■ MATERIAL TO PROCESS
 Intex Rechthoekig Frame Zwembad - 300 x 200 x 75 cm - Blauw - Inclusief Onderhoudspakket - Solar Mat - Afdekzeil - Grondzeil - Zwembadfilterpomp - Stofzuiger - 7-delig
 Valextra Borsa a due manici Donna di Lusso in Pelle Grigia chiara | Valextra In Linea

==

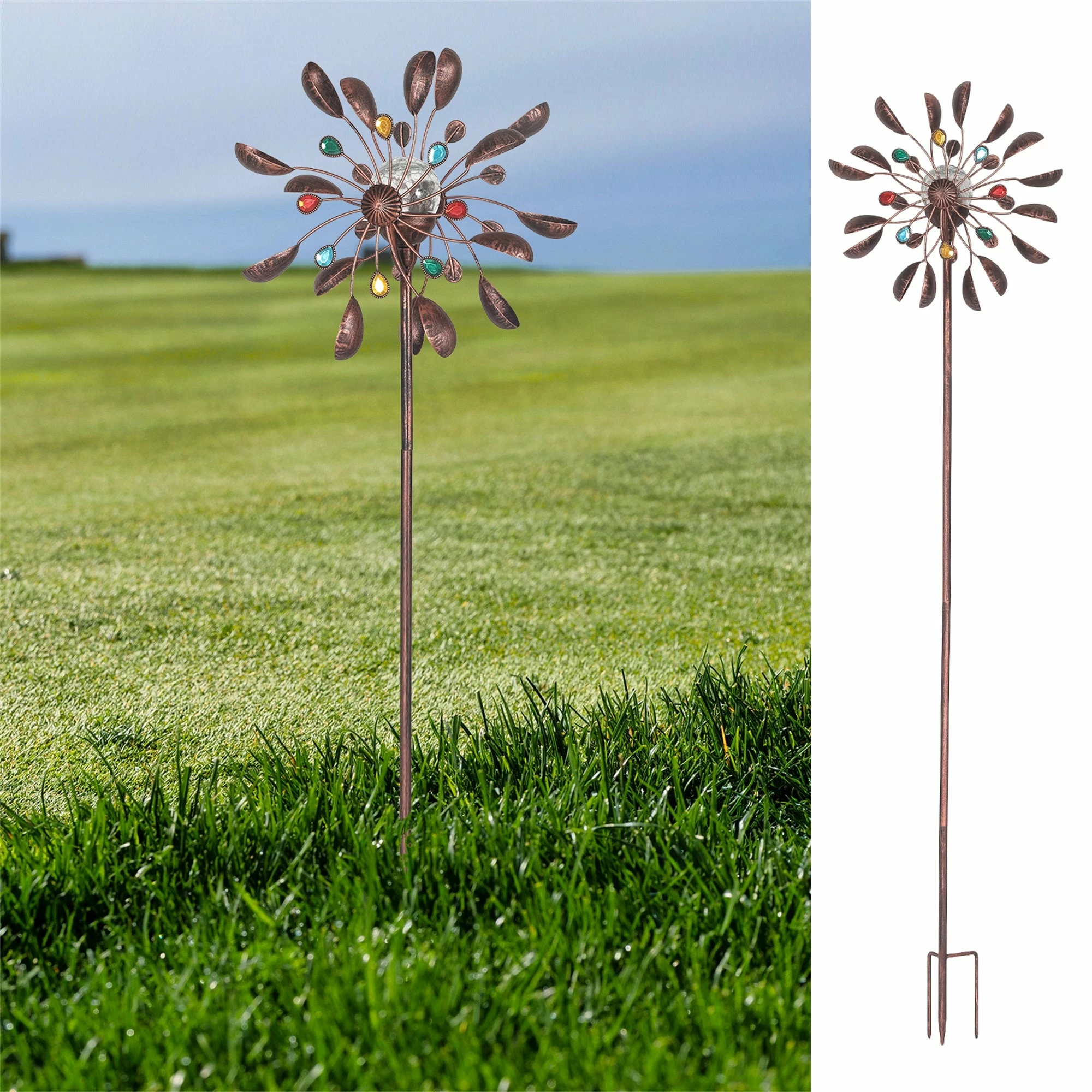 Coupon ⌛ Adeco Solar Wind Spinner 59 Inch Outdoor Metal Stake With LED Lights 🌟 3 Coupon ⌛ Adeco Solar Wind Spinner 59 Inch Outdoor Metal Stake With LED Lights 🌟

■ EXERCISE DESCRIPTION
Take the lines above from the one containing "Intex Rechthoekig Frame" down to the one containing "Valextra Borsa a", and transcribe them exactly, both ends included.

■ TASK ANSWER
 Intex Rechthoekig Frame Zwembad - 300 x 200 x 75 cm - Blauw - Inclusief Onderhoudspakket - Solar Mat - Afdekzeil - Grondzeil - Zwembadfilterpomp - Stofzuiger - 7-delig
 Valextra Borsa a due manici Donna di Lusso in Pelle Grigia chiara | Valextra In Linea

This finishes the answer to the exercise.